Postby Terry E. » Mon Sep 14, 2020 9:55 am

Smalltowngirl44 wrote:
1. My mother hated me and always did.

2.She would lay around day in and day out.

3.Nudity was normal in our house.

4.There was a time when I was disgusted with how dirty our house was so I cleaned it and kept it clean.

5. I had a younger brother and sister and I was the one that watched and took care of them.

6.Those things made me feel grown up. Especially since I did literally all of the house work.



I wish I could say something more than how sorry I am for you. Basically everything you wrote is the same as my friend Ang. Your abuse is at the worst end of it, but I will try and talk about the stuff I numbered.

Whether we are success or failure in this life is dependant on many things. A good support network at home, gives us confidence to be ourselves, enjoy life, to achieve personally, socially academically and professionally. Sometimes the most wonderful gift a parent can give a child is confidence.

Living in a house we get role models for life. Without them we must clean sheet it and work it out ourselves. I have yet to meet someone who has worked it all out on their own and does not have issues.

There is a wonderful thing called attachment theory. Without proper parental relationships we struggle.
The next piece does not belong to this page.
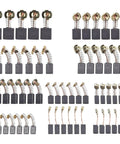 60 Piece Electric Motor Carbon Brush Set With 10 Different Sizes Replacement Kit for hammer drills, circular saws, and angle grinders.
We need to learn about social distancing, what is appropriate and inappropriate behaviour, or when we are thrust into the world we sit at the back almost too scared to interact in case we get it wrong .. or in your case we advertise we are vulnerable and ripe to be taken advantage of.

You mention feeling grown up when very young. I grew up at 10, never mentally got older, but have gained much more experience. It robs you of joy in life. It messes with you empathy.

I implore you to read articles on child abuse. Don't keep looking just in sex abuse as the child abuse has left serious tracks in you.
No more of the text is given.